None of these exist. The expansion to mental illness is approaching a 2027 deadline without them. The federal consultation on advance requests is proceeding without them. The accountability demand is not complicated: before extending the scope of an irreversible procedure, demonstrate that the existing scope is functioning as intended. That has not been done.
Conclusion: What Accountability Actually Requires
The hidden architecture of MAiD expansion is not secret. It is visible in funding relationships, training mandates, oversight structures, and the documented decisions of regulatory bodies. What makes it effective at evading accountability is not concealment. It is diffusion — the distribution of responsibility across enough institutions that no single one can be held to account for the whole.
Meaningful reform of the MAiD framework does not require abolition of the program. It requires the construction of genuinely independent oversight: bodies with no institutional stake in MAiD’s continuation or expansion, empowered to review cases, refer violations, and publish findings without approval from the ministry that funds the providers they are reviewing.
It requires separating the training and advocacy functions from the standard-setting and enforcement functions — so that the professional culture that assesses MAiD eligibility is not built by the same institutions that benefit from assessments resulting in approval.
And it requires, before any further expansion, a genuine evidence review of what the current system is producing — conducted by researchers with no funding relationship to Health Canada, CAMAP, or the provider community.

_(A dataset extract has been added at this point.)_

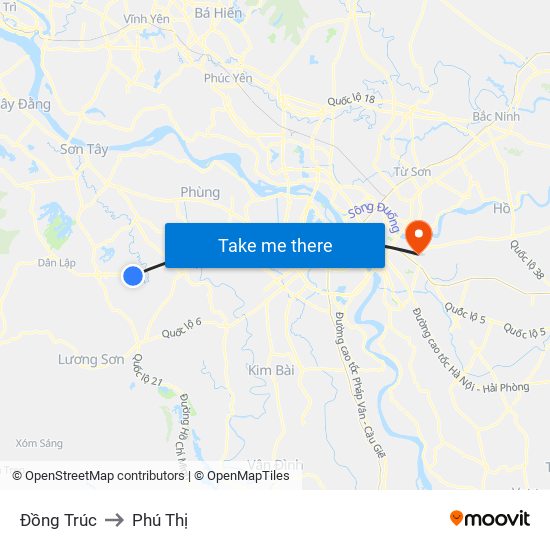 Đồng Trúc to Phú Thị map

The architecture that produced the current system was built incrementally, step by step, each step defensible in isolation. Repairing it will require the same patience — applied in the opposite direction.
Part 4 moves from the structural to the specific: documented cases in which the gap between what MAiD promised and what it delivered had identifiable, human consequences.

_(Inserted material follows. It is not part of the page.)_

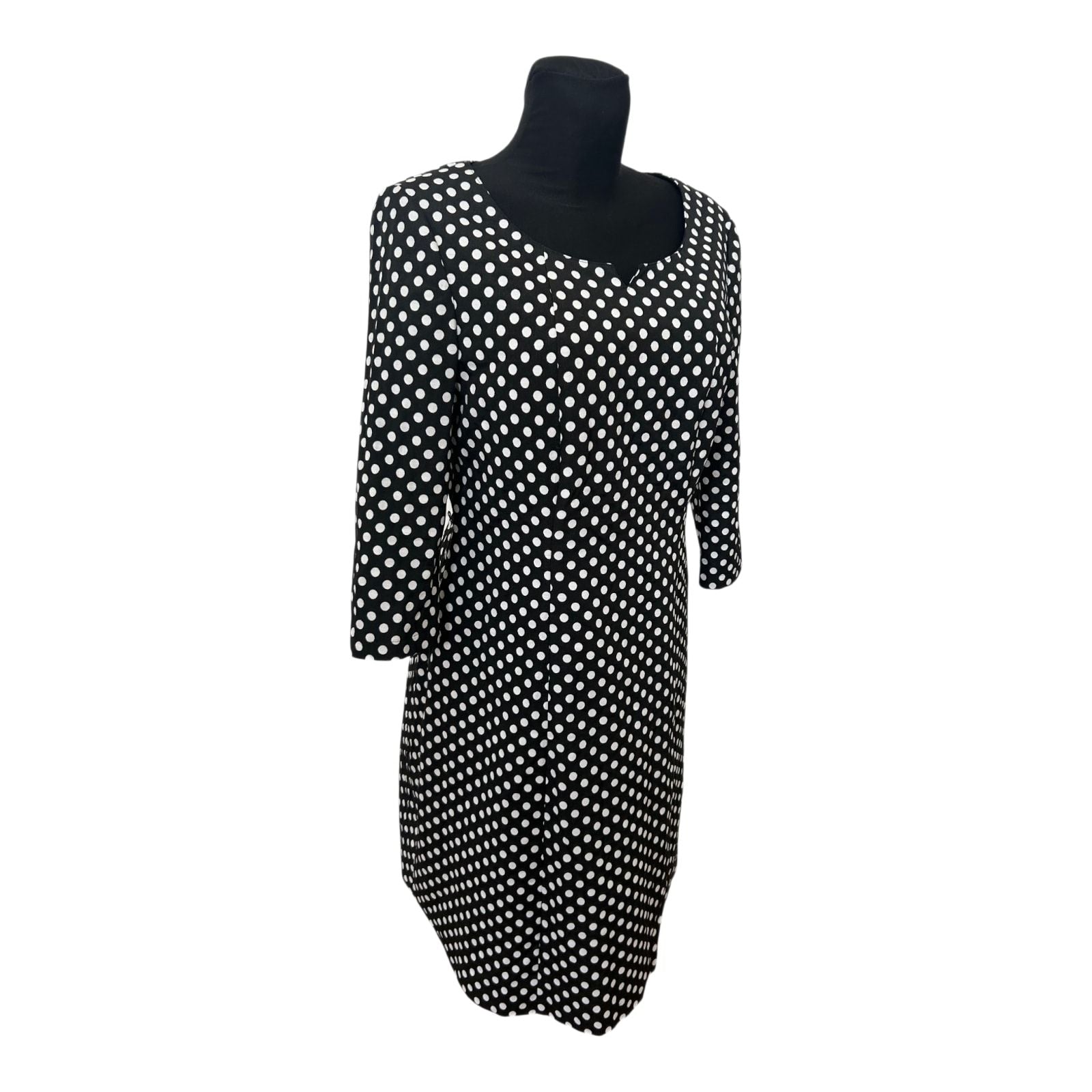 Taifun Kleid Damen Gr 42 Schwarz Weiß Punkte Business Elegant Klassiker Chic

Editor’s Notes — Sources and Standards
Primary sources for Part 3:
Ontario MAiD Death Review Committee Reports (2024–2025): 428 violation figure, zero criminal referrals, four regulatory referrals
The New Atlantis / leaked Ontario compliance data (February 2025): documentation of regulatory decision-making rationale
B.C. Catholic / FOI disclosure, B.C. MAiD Oversight Unit (2023–2024): 2,833 reporting errors; documented policy rationale for non-enforcement
Cardus, In Contrast to Carter (September 2025): 1,017 deaths while awaiting disability supports; 42% disability intersection
Health Canada, Fifth and Sixth Annual MAiD Reports (2023–2024): approval rates, timelines, care access data
Canadian Institute for Health Information, Access to Palliative Care in Canada (2023): 15% rural access figure
Fraser Institute, Waiting Your Turn (2024): 30-week average healthcare wait
Canadian Association for Suicide Prevention, position statement on MAiD and mental illness (publicly available)

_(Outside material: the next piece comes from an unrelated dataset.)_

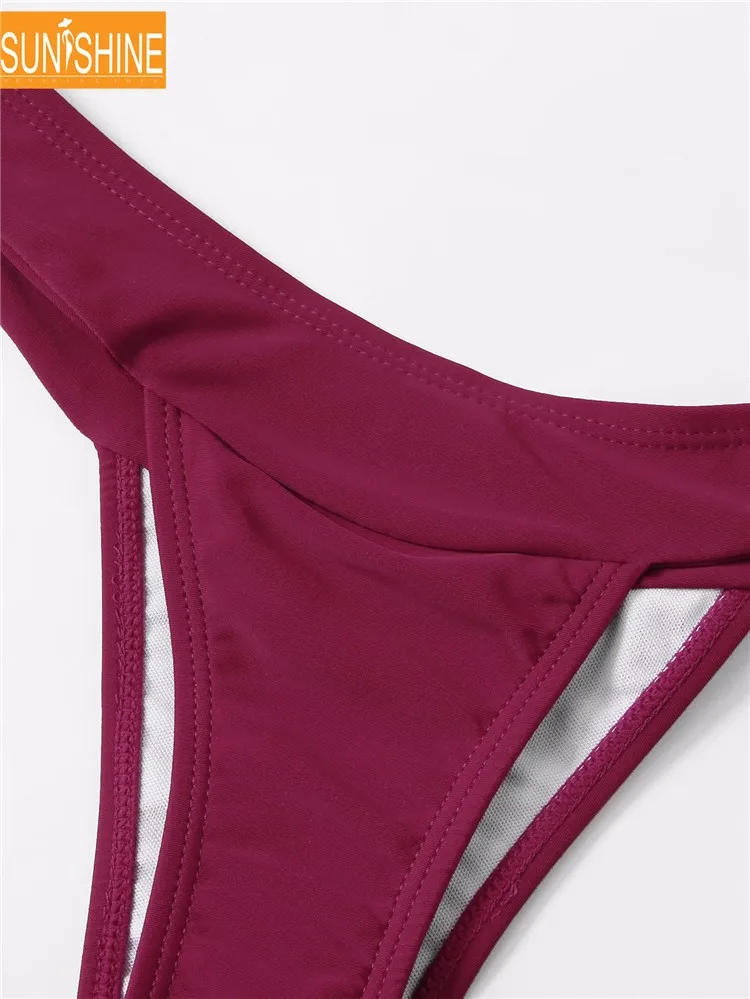 Custom Design Bikini Manufacturers Recycled Fabric High Cut Tiny Cheeky Thong Bikini 2018 Oem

Health Canada, MAiD and organ donation guidance documents (publicly available)
Canadian Blood Services, documentation of coordination role in MAiD/donation interface
Carter v. Canada (Attorney General) [2015] 1 SCR 331: original evidentiary record on comparative jurisdictions
Notes on specific claims: The organ donation conflict-of-interest concern in this piece is framed as a structural accountability problem, not a causal claim about provider behavior. No evidence supports a claim that providers are shortening lives to facilitate organ recovery. The accountability demand is that the overlap of institutional interests requires independent oversight — not that wrongdoing has been established.
The UK, Ireland, and Scotland references draw on publicly reported parliamentary proceedings and advocacy testimony, not peer-reviewed research. They are cited as indicators of international concern, not as evidentiary comparators.